The required output holds only the lines from the one containing "ϣȻiris������ʲô����� �����ĸ�ѧУ��ҵ��" through the end of the material below, copied exactly, please, with no pictures.

### Data:

-- Opening Marker --

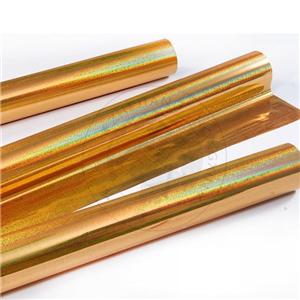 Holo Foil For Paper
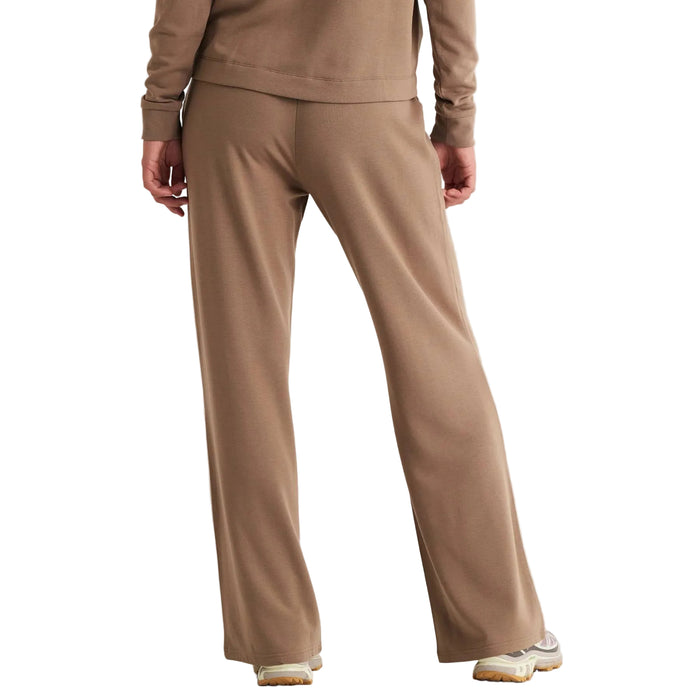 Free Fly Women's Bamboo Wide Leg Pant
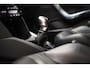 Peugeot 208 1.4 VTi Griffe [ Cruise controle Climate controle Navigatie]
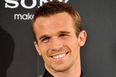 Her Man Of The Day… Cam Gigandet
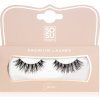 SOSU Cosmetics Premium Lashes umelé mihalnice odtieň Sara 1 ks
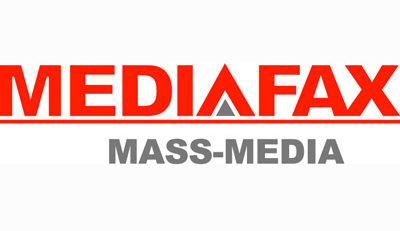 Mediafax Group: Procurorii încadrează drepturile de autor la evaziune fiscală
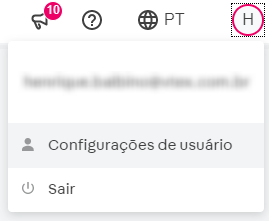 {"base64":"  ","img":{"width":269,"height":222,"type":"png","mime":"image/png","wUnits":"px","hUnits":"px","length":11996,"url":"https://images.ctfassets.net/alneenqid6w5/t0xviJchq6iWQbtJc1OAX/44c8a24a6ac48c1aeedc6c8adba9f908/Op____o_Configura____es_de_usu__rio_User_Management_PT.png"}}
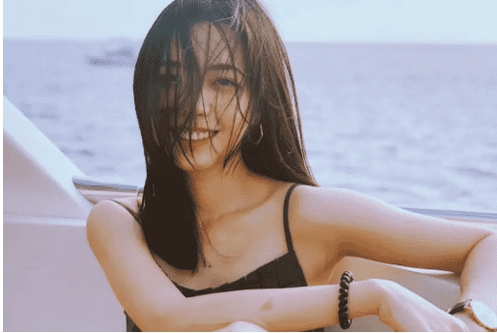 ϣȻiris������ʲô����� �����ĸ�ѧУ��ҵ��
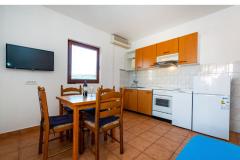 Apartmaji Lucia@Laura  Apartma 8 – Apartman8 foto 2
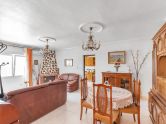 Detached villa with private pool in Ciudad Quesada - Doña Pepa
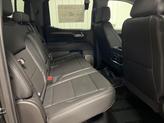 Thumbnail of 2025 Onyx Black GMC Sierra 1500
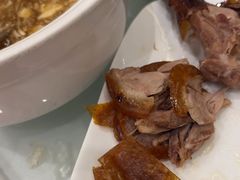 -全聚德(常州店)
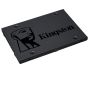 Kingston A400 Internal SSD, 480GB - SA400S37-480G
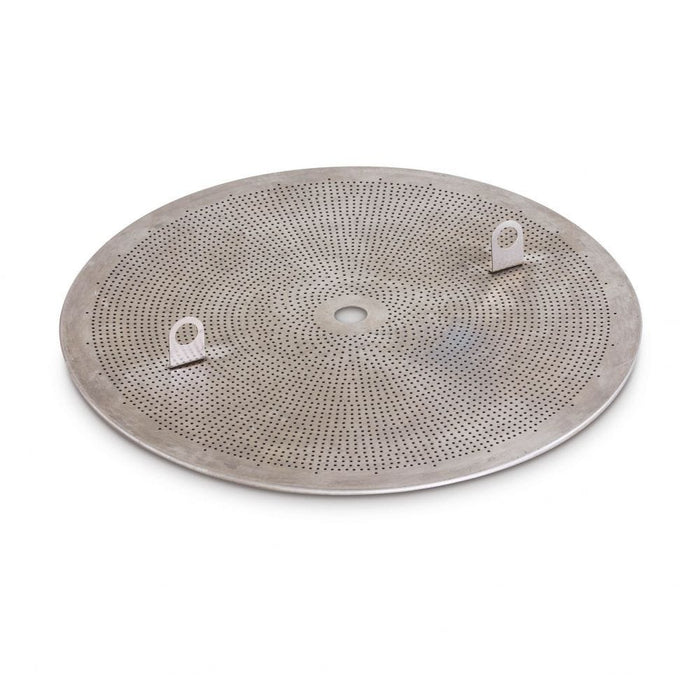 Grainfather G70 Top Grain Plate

-- Closing Marker --

### Exercise output:
 ϣȻiris������ʲô����� �����ĸ�ѧУ��ҵ��
 Apartmaji Lucia@Laura  Apartma 8 – Apartman8 foto 2
 Detached villa with private pool in Ciudad Quesada - Doña Pepa
 Thumbnail of 2025 Onyx Black GMC Sierra 1500
 -全聚德(常州店)
 Kingston A400 Internal SSD, 480GB - SA400S37-480G
 Grainfather G70 Top Grain Plate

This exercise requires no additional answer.